| Task directions |
In your copy of the listing below, reproduce each word exactly and include no pictures.

| Recorded data |
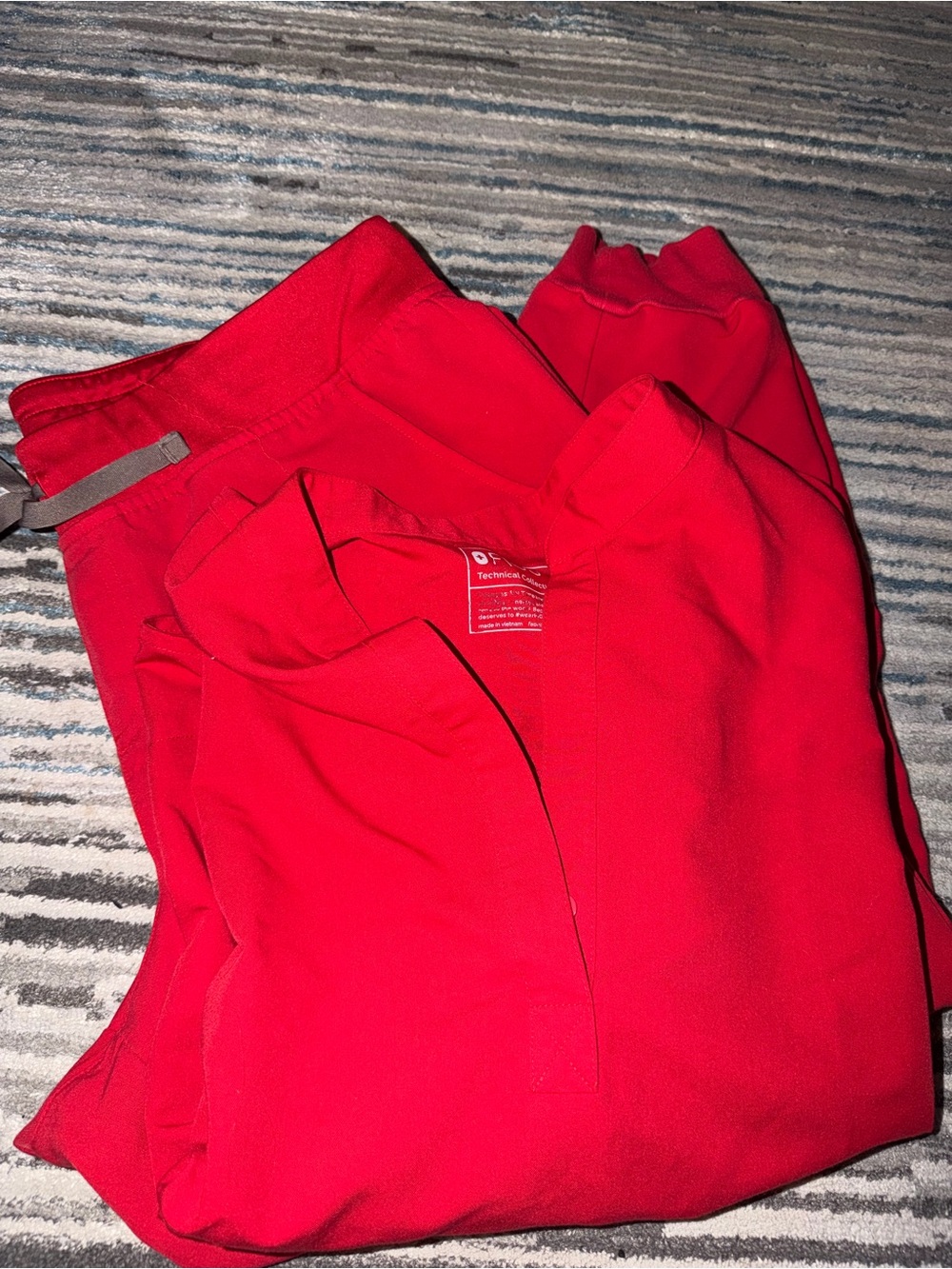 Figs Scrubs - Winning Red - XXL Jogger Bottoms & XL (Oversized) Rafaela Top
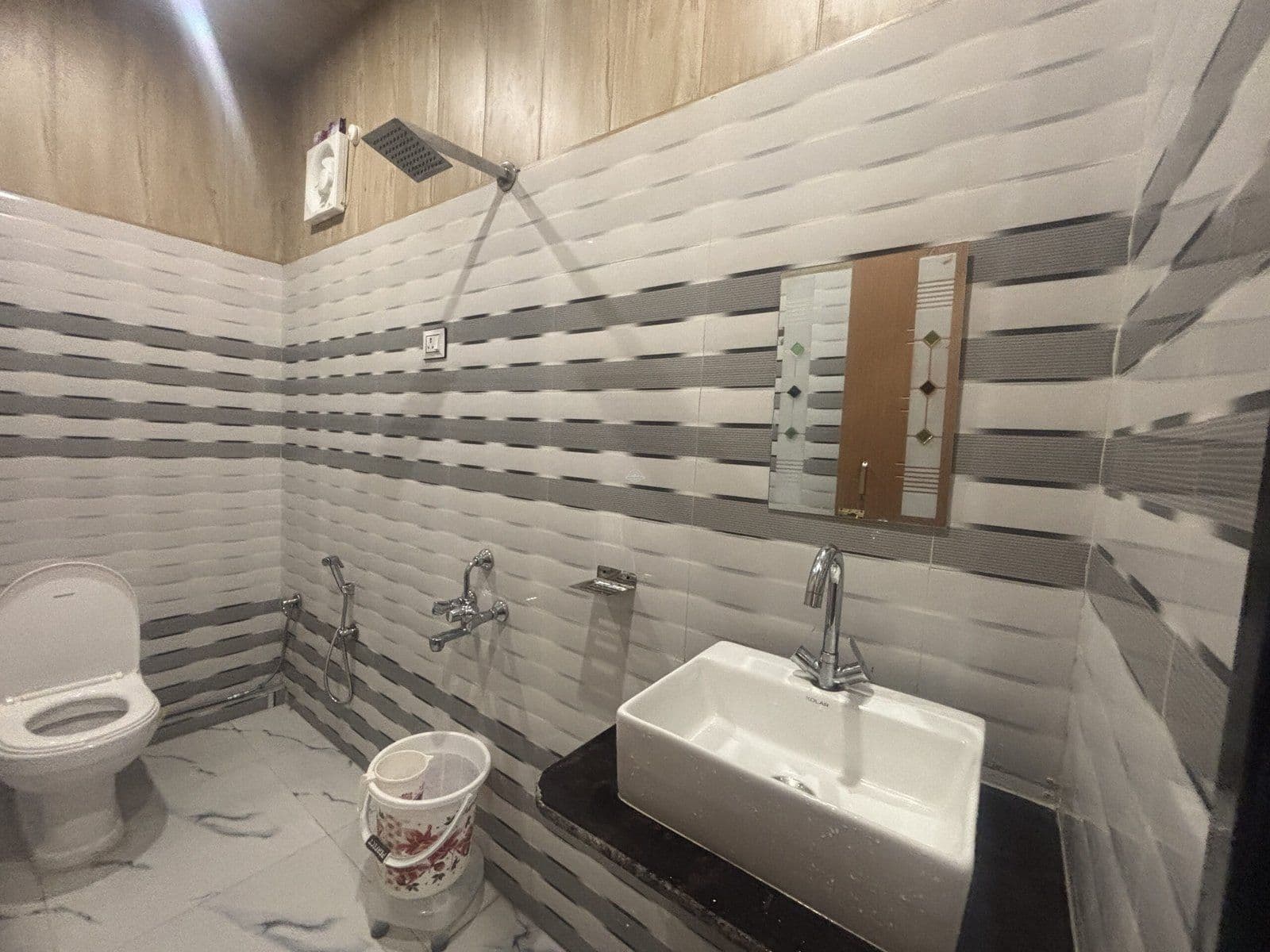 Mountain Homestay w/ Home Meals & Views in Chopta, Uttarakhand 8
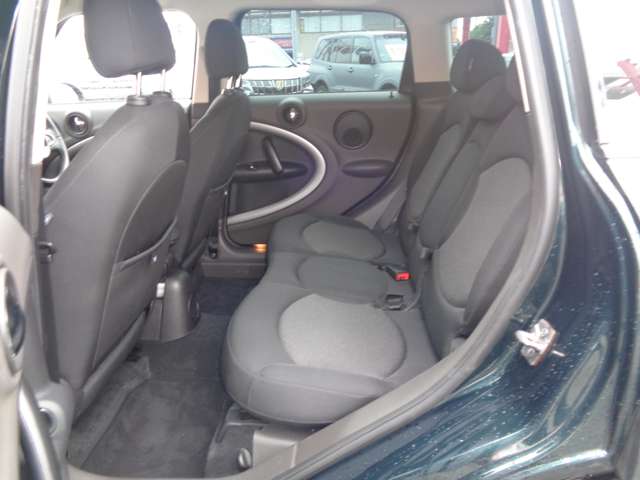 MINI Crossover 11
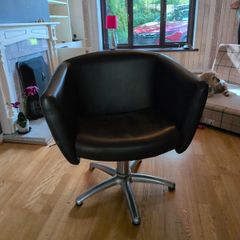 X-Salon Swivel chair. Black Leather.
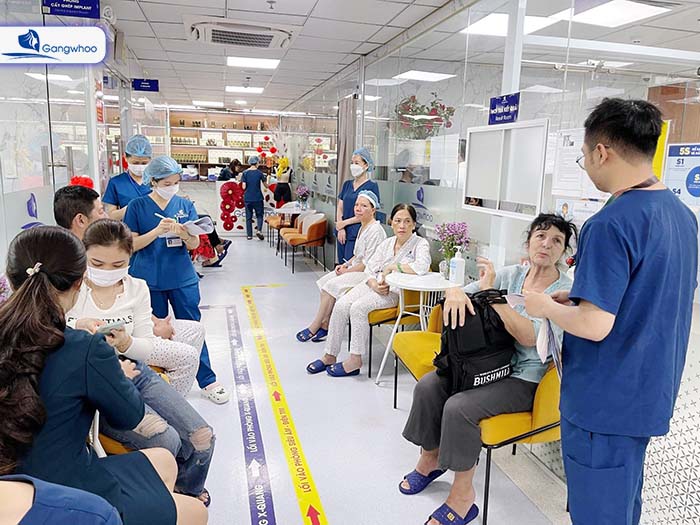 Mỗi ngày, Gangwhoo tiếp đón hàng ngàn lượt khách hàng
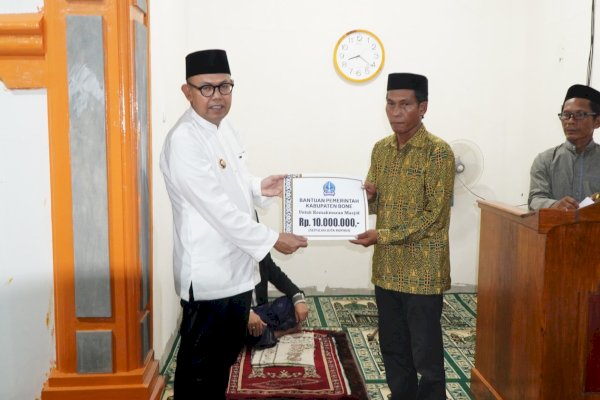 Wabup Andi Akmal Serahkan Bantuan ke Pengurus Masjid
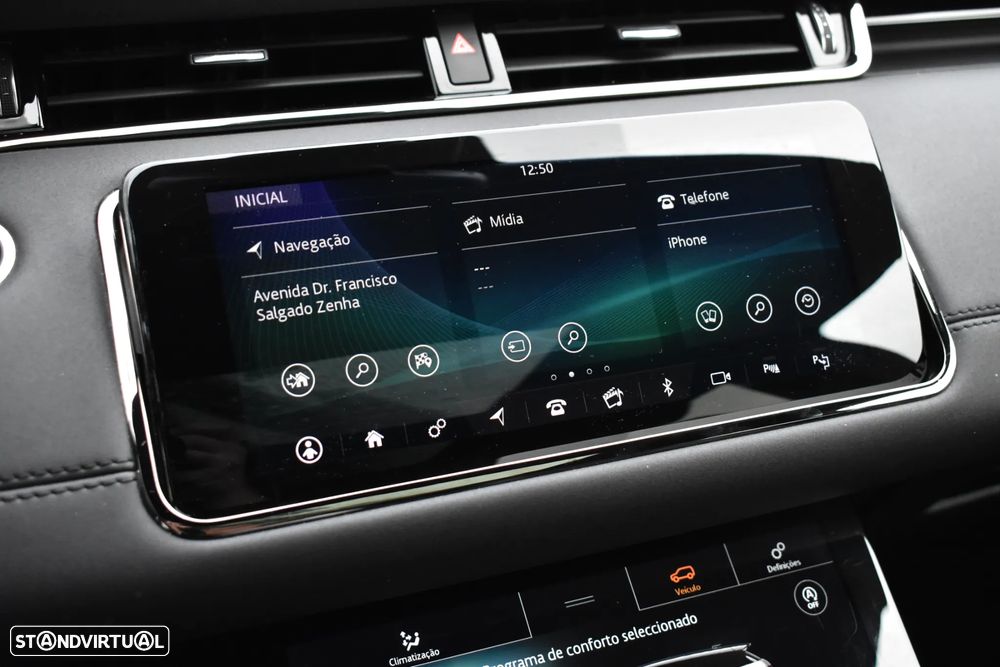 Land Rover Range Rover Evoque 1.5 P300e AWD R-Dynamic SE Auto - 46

| Your response |
 Figs Scrubs - Winning Red - XXL Jogger Bottoms & XL (Oversized) Rafaela Top
 Mountain Homestay w/ Home Meals & Views in Chopta, Uttarakhand 8
 MINI Crossover 11
 X-Salon Swivel chair. Black Leather.
 Mỗi ngày, Gangwhoo tiếp đón hàng ngàn lượt khách hàng
 Wabup Andi Akmal Serahkan Bantuan ke Pengurus Masjid
 Land Rover Range Rover Evoque 1.5 P300e AWD R-Dynamic SE Auto - 46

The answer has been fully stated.